On Fri, 15 Mar 2002, Rose wrote:
> So, if the particles are likely to have a mass as big as 100 a.m.u, are
> they likely to decay into smaller particles or is it difficult to say at
> this stage?  Also, if they do have such a high mass, are they likely to
> account for all the 'missing matter' in the universe?

That's the idea.  It may be that there are several different
species of particles constituting the missing mass.  But our
best guess, and the simplest explanation, is that there is
one dominant species of dark matter and it is made of WIMPs.

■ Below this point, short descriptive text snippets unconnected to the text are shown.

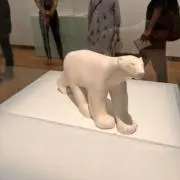 田中の画像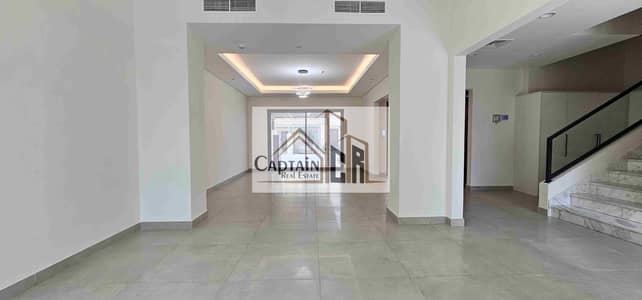 4 Bedroom Townhouse for Sale in Al Rahmaniya, Sharjah - 20250413_120300. jpg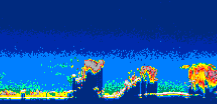 /calipso-imagery/data/BROWSE/production/V5-00/2015-09-22/2015-09-22_21-43-29_V5.00_3_thmb.png image missing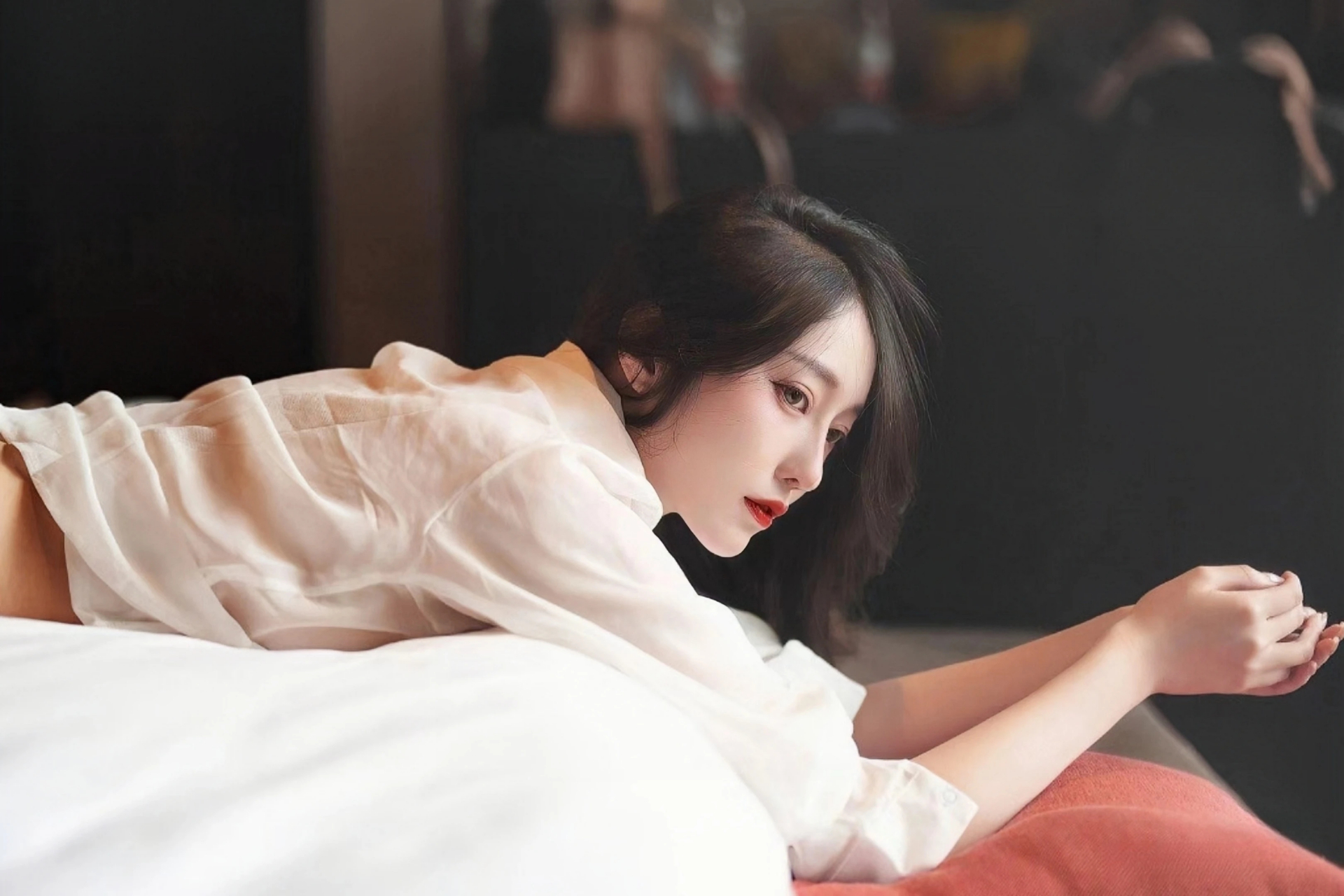 久久久精品久久999av91-日韩午夜福利电影在线观看-亚洲国产欧美一二三四区-99久久精品网站-黄色a级片久久观看-国产欧美日韩人处大片-亚洲龙腾小说yy精品小说阅读网-国产精品一区二区不卡小说区|又一个“首次”！中国天眼FAST再传好消息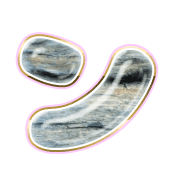 126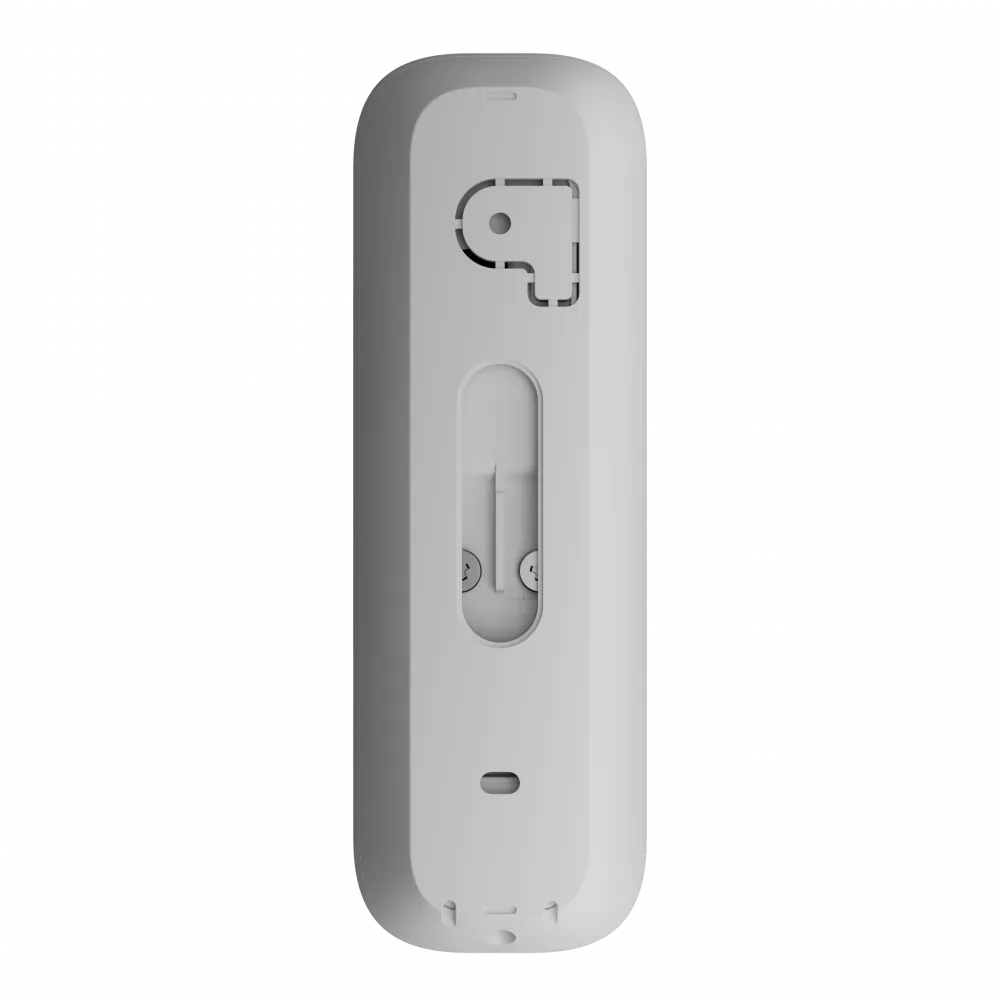 Vue 6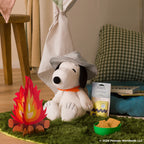 Snoopy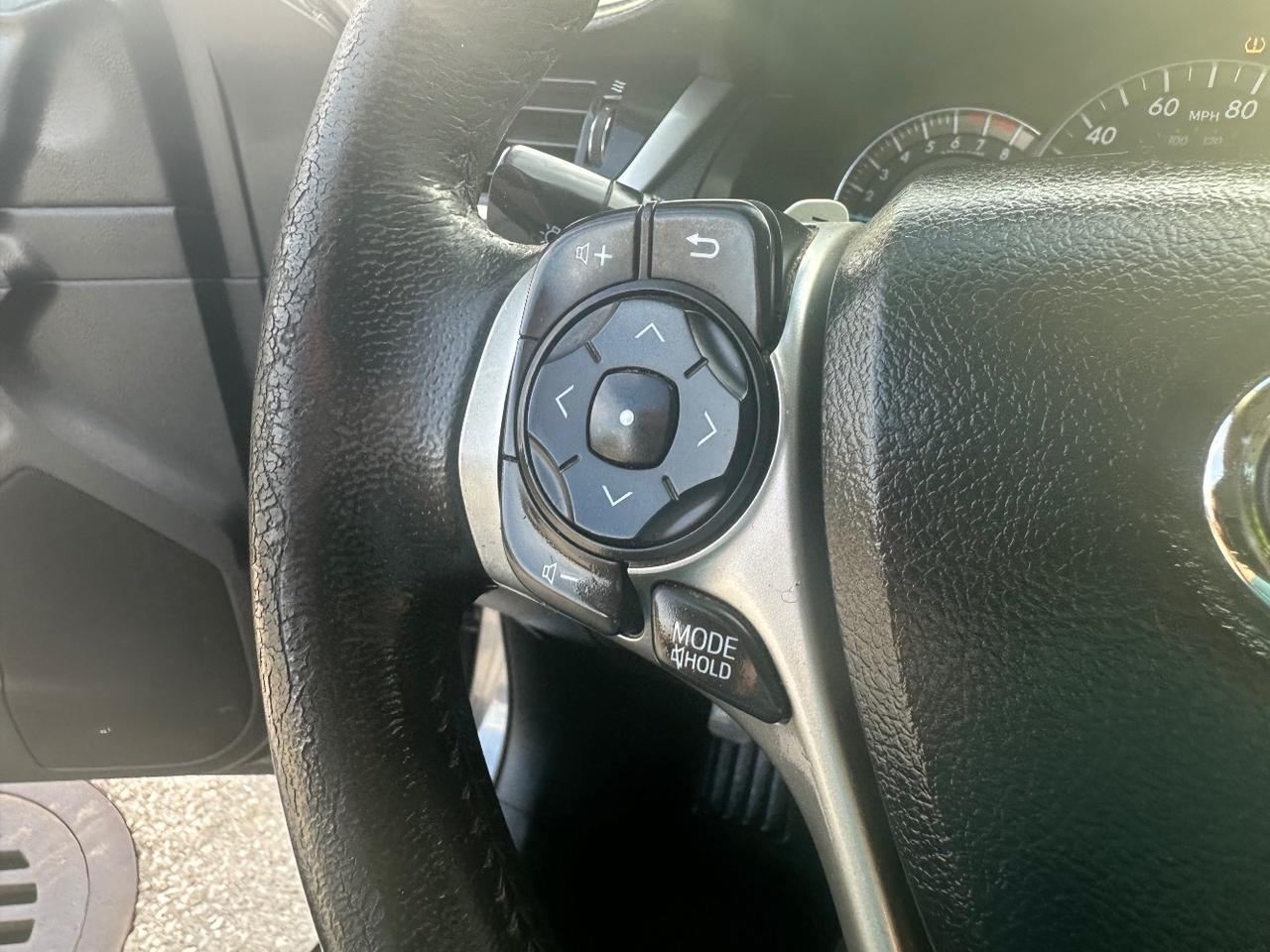 2012 Toyota Camry L | LE | SE | XLE | SE Limited Edition Hardeeville SC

> One other thing, sorry if this is a stupid question, but if the particles
> don't have electromagnetic interactions, just how do they interact with the
> nuclei of atoms?   

Good question.  So, in particle theory there are particles
and fields.  Every particle with mass interacts gravitationally,
through the graviton, which is a "quantum" or "package" of energy
of the gravitational field.  Everything with charge interacts
with the electromagnetic field through photons which are
the force carriers of the electromegnetic field (light is a
photon, incidentally).  Every quark (which make up protons and
neutrons) interacts through gluons, which are the "quanta"
(packets) of the strong field. The weak field is another field, a bit more
hard to visualize than gravity and it is in fact related to
the electromagnetic field.  Certain particles (neutrinos, WIMPs?)
interact through the weak field and its "quanta" are called the
"W and Z bosons".  The point is just as things without
charge can interact gravitationally, things without charge can
also interact weakly through weak interactions.  It's non-intuitive,
I know, but sometimes you have to look at things mathematically
to see the underlying symmetry.

Scott Armel-Funkhouser,
Berkeley Cosmology Group